TASK OBJECTIVE ->
Copy out the data below from the line containing "Load image into" to the line containing "14 mukhi Indonesian", both lines included, with all images left out.
EXERCISE DATA START
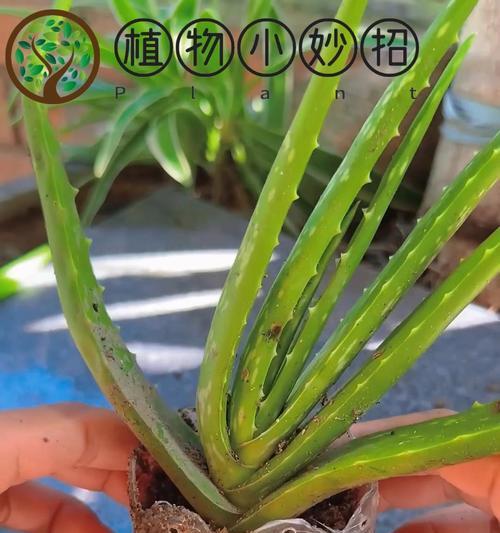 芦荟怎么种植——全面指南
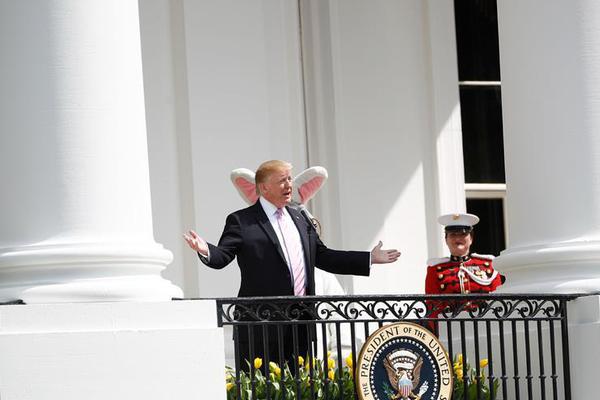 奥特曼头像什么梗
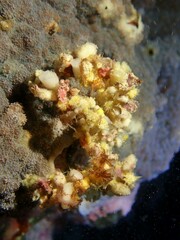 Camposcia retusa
EXERCISE DATA END
EXERCISE DATA START
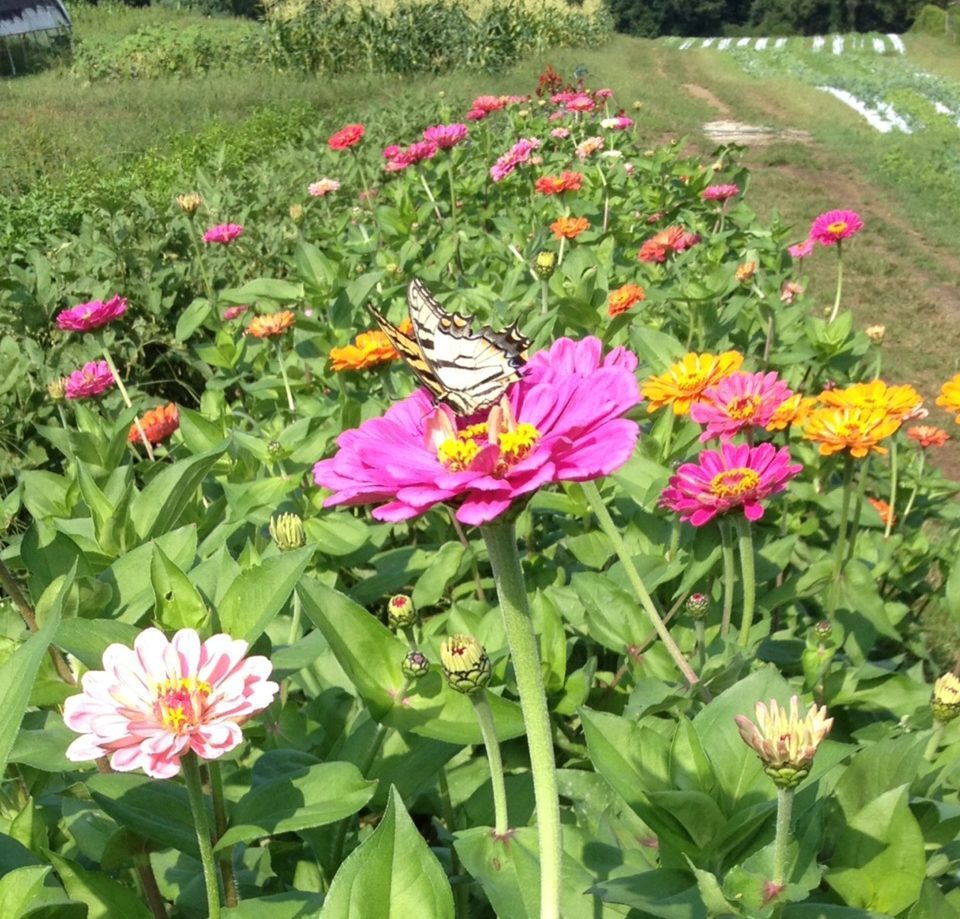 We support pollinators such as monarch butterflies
EXERCISE DATA END
EXERCISE DATA START
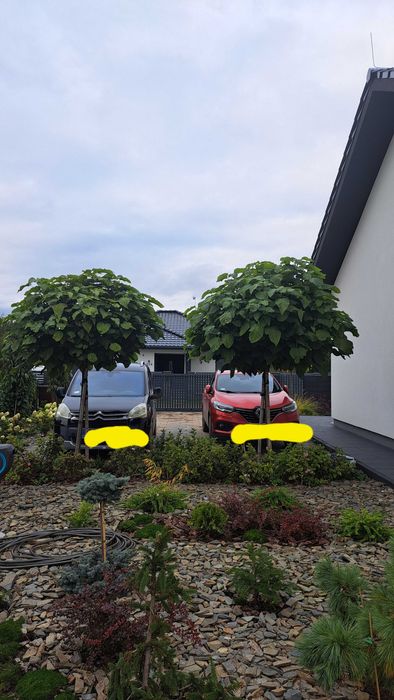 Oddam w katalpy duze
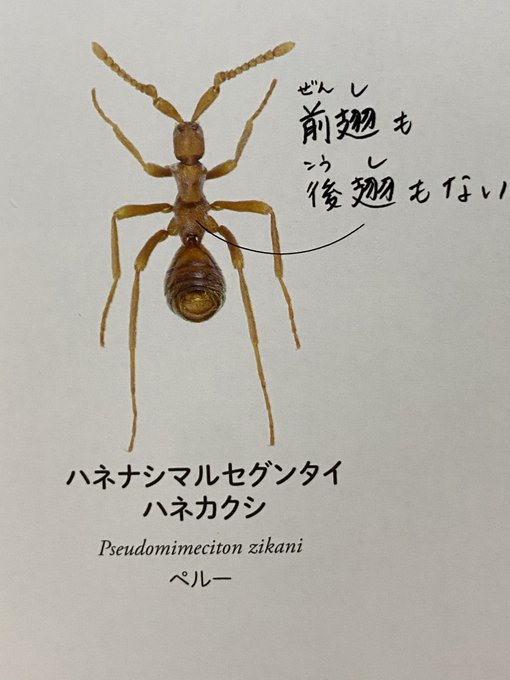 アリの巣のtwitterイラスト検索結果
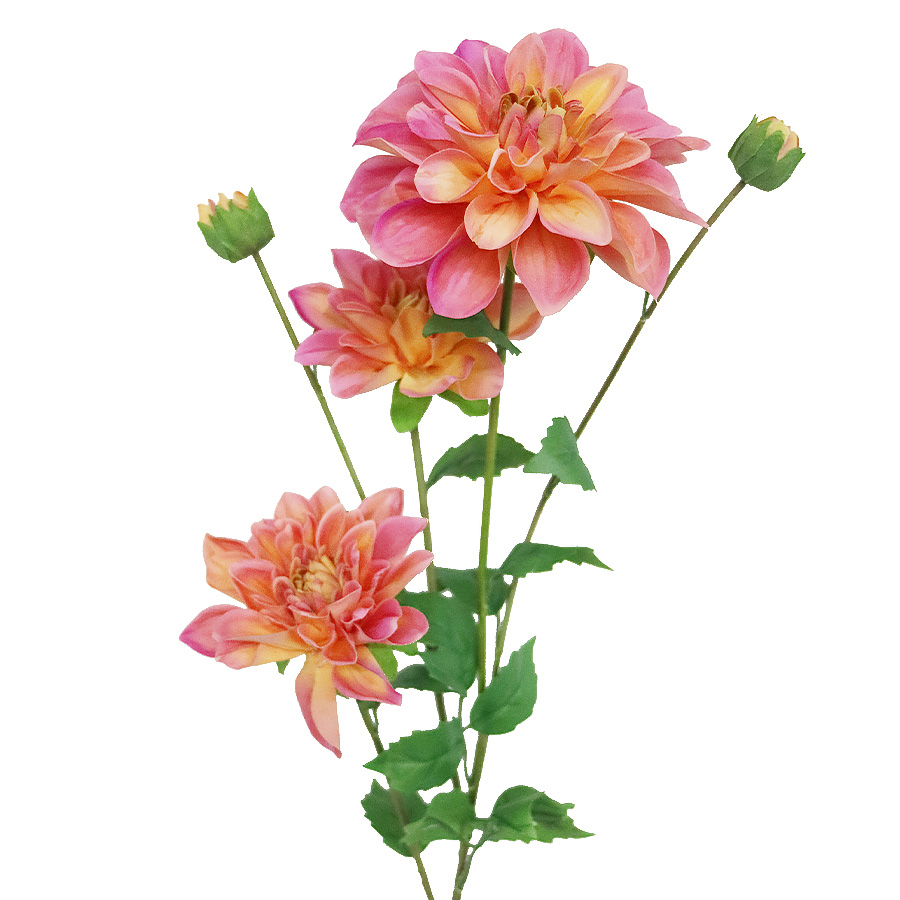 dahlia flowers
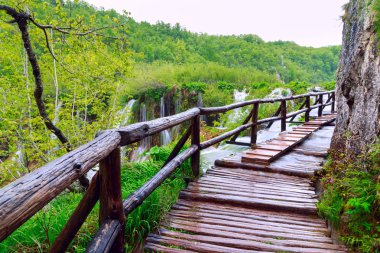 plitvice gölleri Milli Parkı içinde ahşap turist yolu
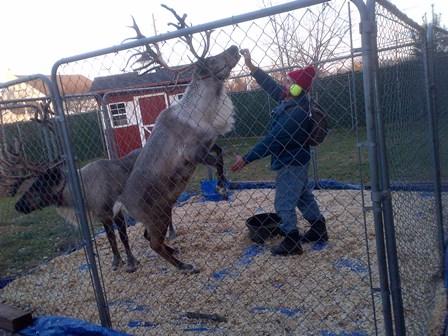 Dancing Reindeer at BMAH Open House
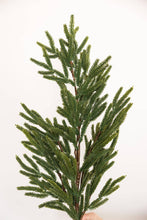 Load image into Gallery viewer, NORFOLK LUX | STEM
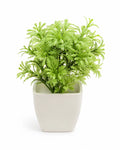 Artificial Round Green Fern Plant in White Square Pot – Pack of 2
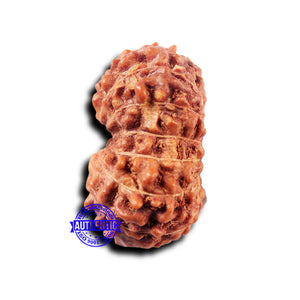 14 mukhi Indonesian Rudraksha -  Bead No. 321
EXERCISE DATA END
ANSWER TO THIS PROBLEM ->
 Load image into Gallery viewer, NORFOLK LUX | STEM
 Artificial Round Green Fern Plant in White Square Pot – Pack of 2
 14 mukhi Indonesian Rudraksha -  Bead No. 321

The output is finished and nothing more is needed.